But I still have the alerts with the name of the old cluster.
Do you know how to resolve this, please?
14 sep 2017 15:29:20,717 ERROR [alert-event-bus-2] AlertReceivedListener:480 - Unable to process alert kafka_broker_process for an invalid cluster named cordisclu 14 sep 2017 15:29:20,717 ERROR [alert-event-bus-2] AlertReceivedListener:480 - Unable to process alert zookeeper_server_process for an invalid cluster named cordisclu 14 sep 2017 15:29:38,717 ERROR [alert-event-bus-1] AlertReceivedListener:480 - Unable to process alert ams_metrics_monitor_process for an invalid cluster named cordisclu 14 sep 2017 15:29:38,717 ERROR [alert-event-bus-1] AlertReceivedListener:480 - Unable to process alert nifi_status for an invalid cluster named cordisclu 14 sep 2017 15:29:38,717 ERROR [alert-event-bus-1] AlertReceivedListener:480 - Unable to process alert ambari_agent_disk_usage for an invalid cluster named cordisclu
Created 11-08-2018 03:42 AM
What worked? I don't see any solution. I have the same problem. When I ran those SELECT statements all of the results were 0 rows. I failed to see what solved the problem. Please explain!

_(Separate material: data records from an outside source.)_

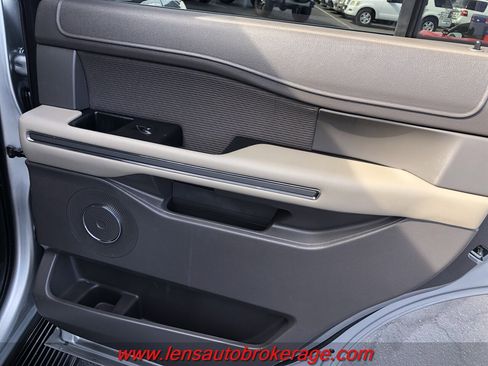 Used 2020 Ford Expedition XLT image 16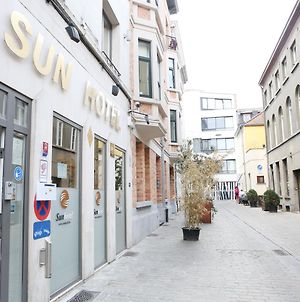 Sun Hotel Bruselas Exterior photo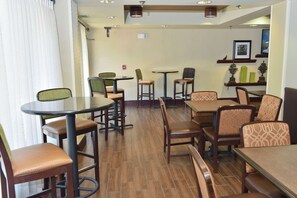 Lobby - Hampton Inn Ruston (Ruston)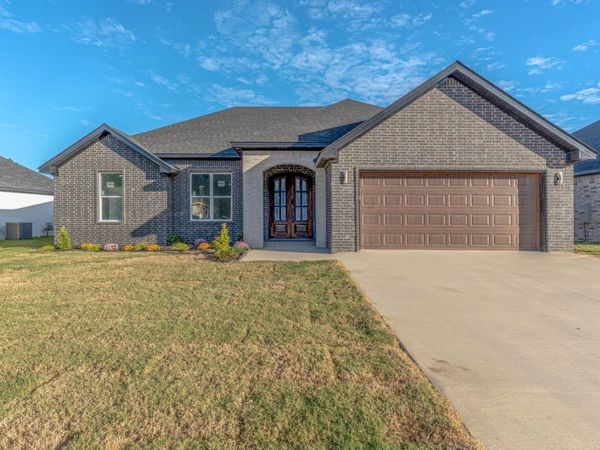 605 Cayson Street, Bono, AR 72416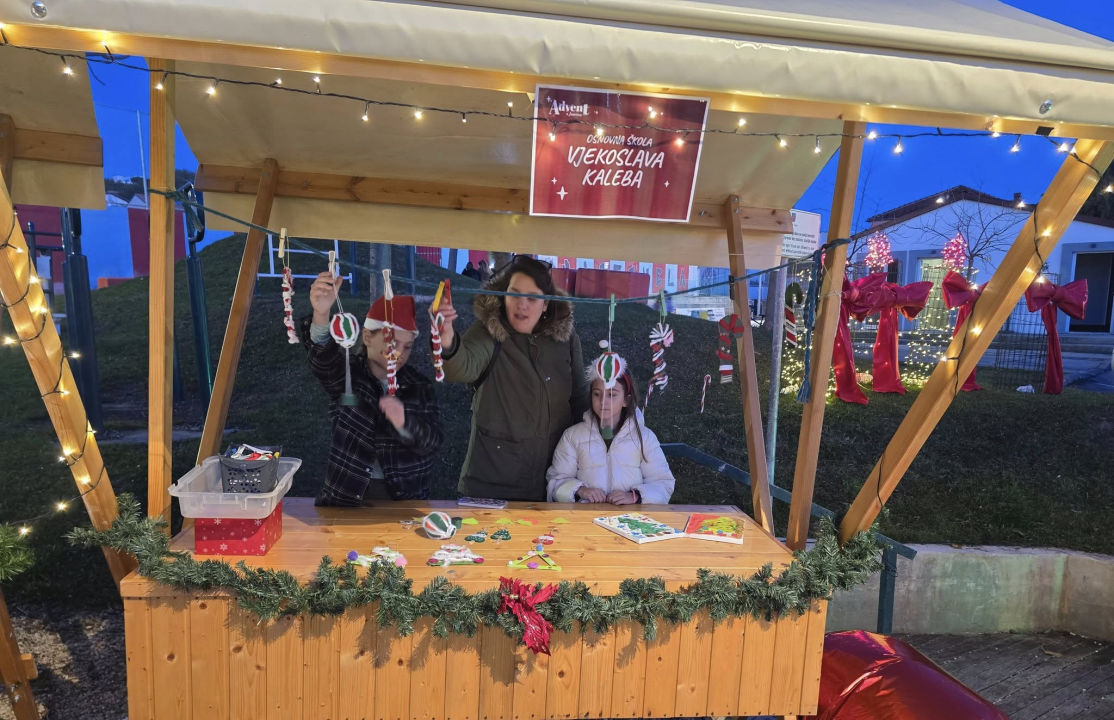 Humanitarni advent u Jezerima okupio mještane i posjetitelje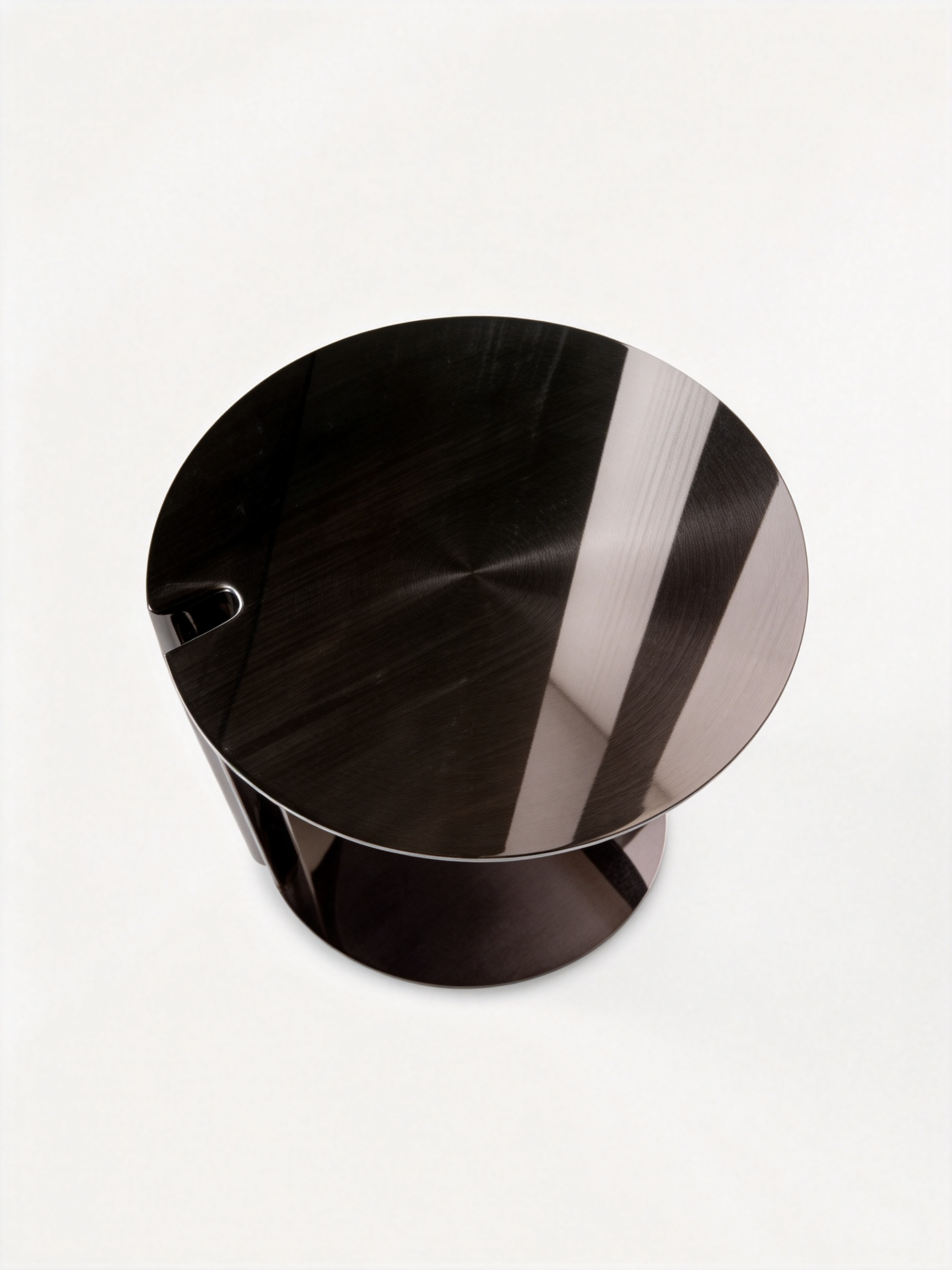 NOIR Mirror-Finish C-Shaped Side Table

Created 09-17-2017 06:55 AM
Good to know that the cluster is created fine now.
Regarding the other issue of having old cluster names for few alerts:
14 sep 2017 15:29:38,717 ERROR [alert-event-bus-1] AlertReceivedListener:480 - Unable to process alert nifi_status for an invalid cluster named cordisclu 14 sep 2017 15:29:38,717 ERROR [alert-event-bus-1] AlertReceivedListener:480 - Unable to process alert ambari_agent_disk_usage for an invalid cluster named cordisclu
.
I think this might have happened, if the alert tables have some alert's targetting to the old cluster id. Please check and share the output of the following Queries on Ambari DB:
# psql -U ambari ambari Password for user ambari: bigdata psql (9.2.18) Type "help" for help. ambari=> SELECT cluster_id, definition_name FROM alert_definition WHERE cluster_id NOT IN (SELECT cluster_id FROM cluster_version WHERE state = 'CURRENT'); ambari=> SELECT cluster_id, service_name FROM alert_group WHERE cluster_id NOT IN (SELECT cluster_id FROM cluster_version WHERE state = 'CURRENT'); ambari=> SELECT cluster_id, alert_label, alert_definition_id FROM alert_history WHERE cluster_id NOT IN (SELECT cluster_id FROM cluster_version WHERE state = 'CURRENT'); ambari=> SELECT cluster_id FROM cluster_version WHERE state = 'CURRENT';
.